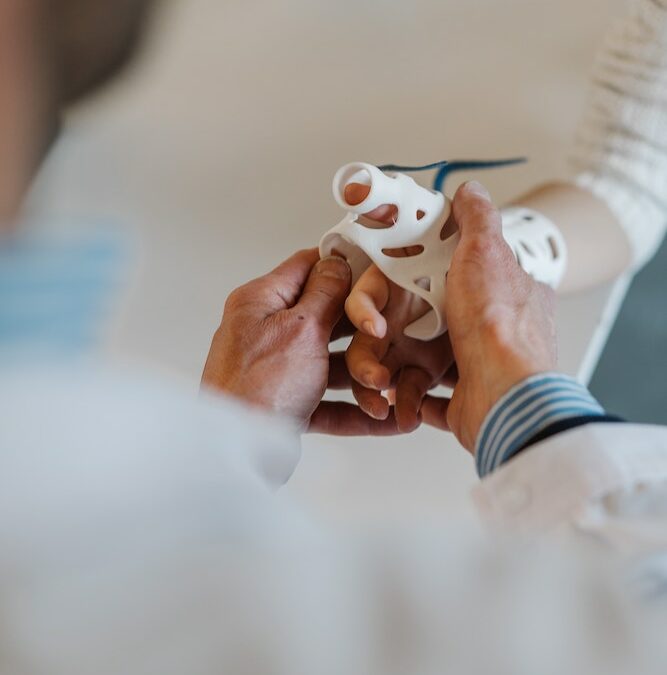 Les prothèses en impression 3D : Une révolution pour le secteur médical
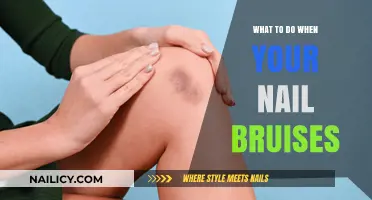 Healing Nail Bruises: Quick Remedies and Prevention Tips for Recovery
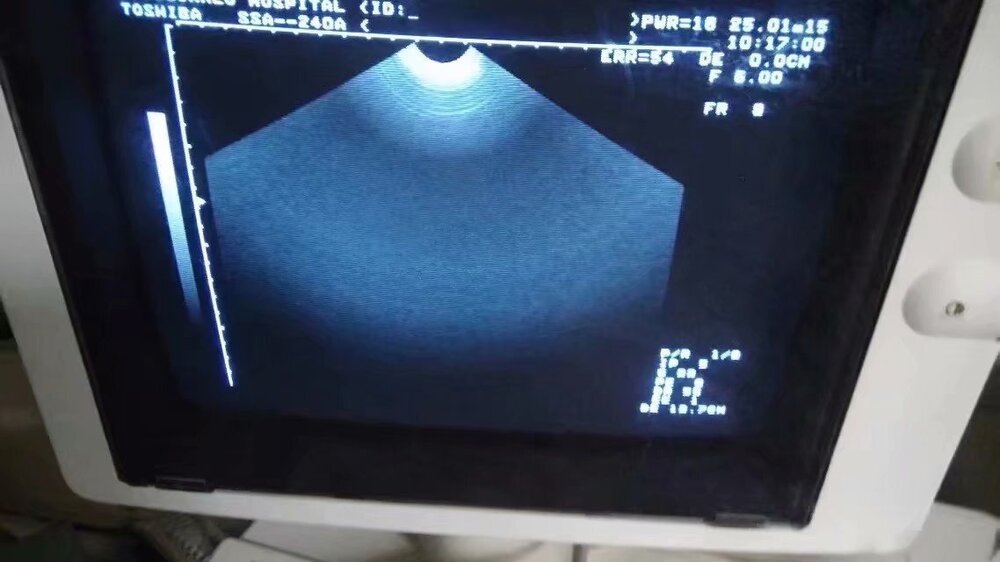 Aloka Ust-984-5 Ultrasound Transducer - Color: As Per Requirement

THE PROBLEM :: Line by line, output the material above exactly, passing over the pictures.

SOLUTION ::
 Les prothèses en impression 3D : Une révolution pour le secteur médical
 Healing Nail Bruises: Quick Remedies and Prevention Tips for Recovery
 Aloka Ust-984-5 Ultrasound Transducer - Color: As Per Requirement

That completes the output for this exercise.